| Task to complete |
Which lines of the entries below run from the one holding "Another detail of" to the one holding "Antique apothecary cabinet", inclusive? Set down exactly those lines and no others.

| Dataset records |
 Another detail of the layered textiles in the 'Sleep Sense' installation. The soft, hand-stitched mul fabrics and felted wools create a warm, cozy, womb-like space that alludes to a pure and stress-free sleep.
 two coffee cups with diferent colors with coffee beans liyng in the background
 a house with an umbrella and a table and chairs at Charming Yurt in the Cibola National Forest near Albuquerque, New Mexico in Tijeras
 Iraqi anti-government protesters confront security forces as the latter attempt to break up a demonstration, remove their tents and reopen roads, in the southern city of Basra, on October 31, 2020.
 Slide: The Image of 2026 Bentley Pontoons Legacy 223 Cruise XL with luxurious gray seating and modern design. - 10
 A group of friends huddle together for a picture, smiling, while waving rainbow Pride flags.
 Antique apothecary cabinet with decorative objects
* * *
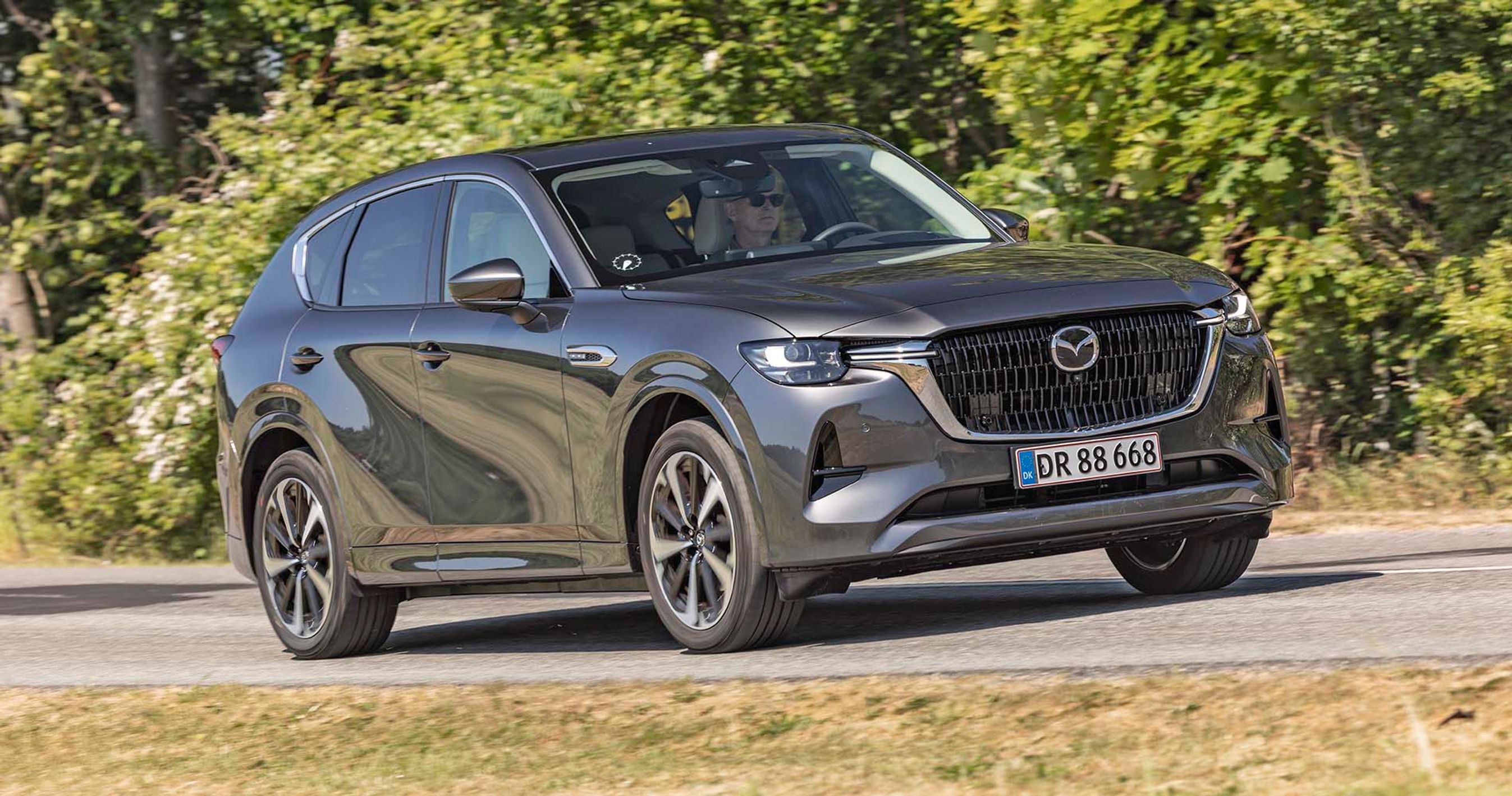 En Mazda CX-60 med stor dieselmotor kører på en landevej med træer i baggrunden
---
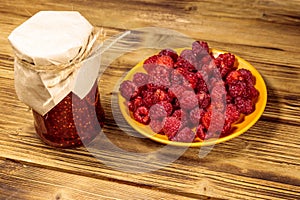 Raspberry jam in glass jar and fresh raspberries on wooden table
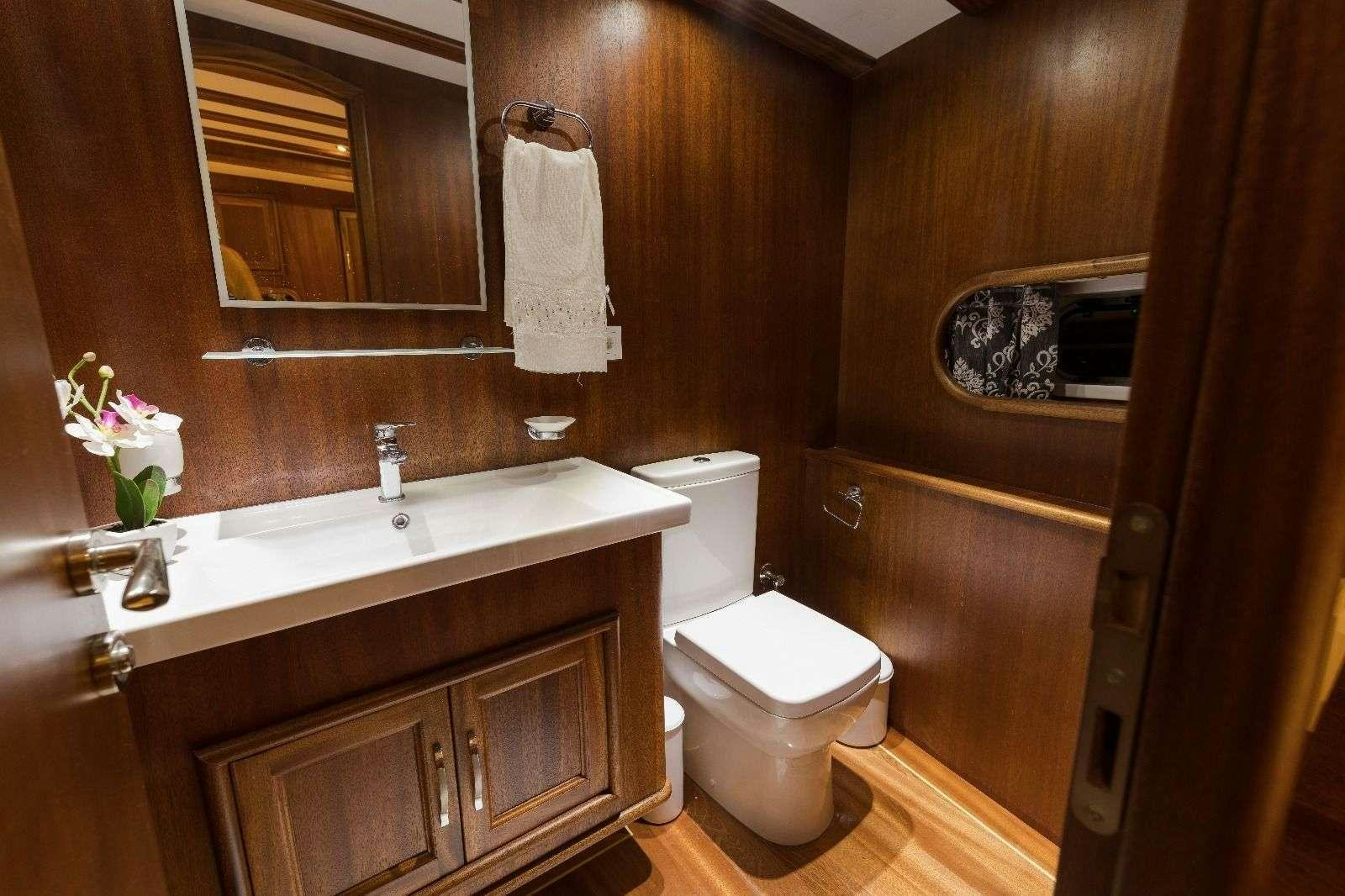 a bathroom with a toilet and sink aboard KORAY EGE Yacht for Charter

| Answer to the problem |
 Another detail of the layered textiles in the 'Sleep Sense' installation. The soft, hand-stitched mul fabrics and felted wools create a warm, cozy, womb-like space that alludes to a pure and stress-free sleep.
 two coffee cups with diferent colors with coffee beans liyng in the background
 a house with an umbrella and a table and chairs at Charming Yurt in the Cibola National Forest near Albuquerque, New Mexico in Tijeras
 Iraqi anti-government protesters confront security forces as the latter attempt to break up a demonstration, remove their tents and reopen roads, in the southern city of Basra, on October 31, 2020.
 Slide: The Image of 2026 Bentley Pontoons Legacy 223 Cruise XL with luxurious gray seating and modern design. - 10
 A group of friends huddle together for a picture, smiling, while waving rainbow Pride flags.
 Antique apothecary cabinet with decorative objects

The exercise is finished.